«Da liefen uns die Tränen runter»
Die Schisshüsler sind eine Münsinger Fasnachtstruppe, die jedes Jahr zu Fuss an die Berner Fasnacht marschiert. BERN-OST wollte wissen, wie sie diesmal den 13 Kilometer langen Marsch erlebt haben.
17 Mannen aus Münsingen schliessen sich zur Fasnacht zu den Schisshüslern zusammen. Sobald die Münsinger Fasnacht überstanden ist, ziehen sie am Donnerstag zu Fuss an die Fasnacht in der Bundesstadt. So auch letzte Woche. Ein paar Tage später berichten wir – wie die alte Fasnacht – über die beschwerliche Reise der Schisshüsler nach Bern.

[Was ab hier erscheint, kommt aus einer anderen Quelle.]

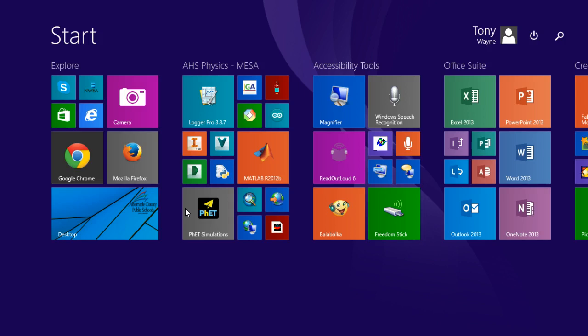First thing I need to do is get to the classic Windows desktop, so I'll press the modern Windows tiles. I'm going to click on the Windows key.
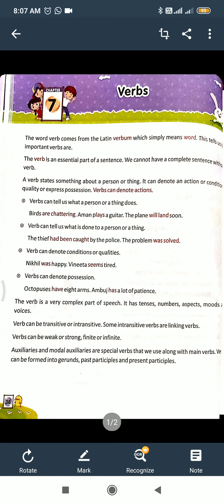Verbs can tell us what a person or thing does. For example: 'Birds are chattering' - here chattering is the verb. What am I doing? I am teaching you - so 'teaching' is a verb. Children are playing - 'play' is a verb.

BERN-OST: Wie lange benötigt ihr zu Fuss mit dem Anhänger bis Bern?
Antonio Bauen: Es sind 13 Kilometer, die Marschzeit wäre etwa drei Stunden. Da ist aber noch unser Anhänger, das Traumschloss, mit einem Gewicht von etwa einer Tonne, was das Ganze verlangsamt.
Dazu kommt die trockene Luft, da muss man die Kehle schon regelmässig befeuchten! Da es auf dem Weg nach Bern kaum noch Beizen gibt, wird das immer schwieriger. Glücklicherweise wurden uns auf dem Weg von Privaten mehrere Apéros serviert.
Gestartet sind wir am Donnerstag um elf Uhr elf, auf der Kirchenfeldbrücke angekommen sind dann um 17 Uhr.
Was war am Schwierigsten?
Die Königsetappe ist immer der Allmendingenstutz. Er wird immer etwas steiler, aber wir haben es bis jetzt immer geschafft und nur mit Muskelkraft!
Wie reagieren Autofahrer und Passanten?
Die allermeisten Autofahrenden, auch die Handwerker und die Lastwagenfahrerinnen winken herzlich und beschwingt, was sehr schön ist. Mittlerweile kennen uns viele Leute und wissen ungefähr, wann wir vorbeikommen.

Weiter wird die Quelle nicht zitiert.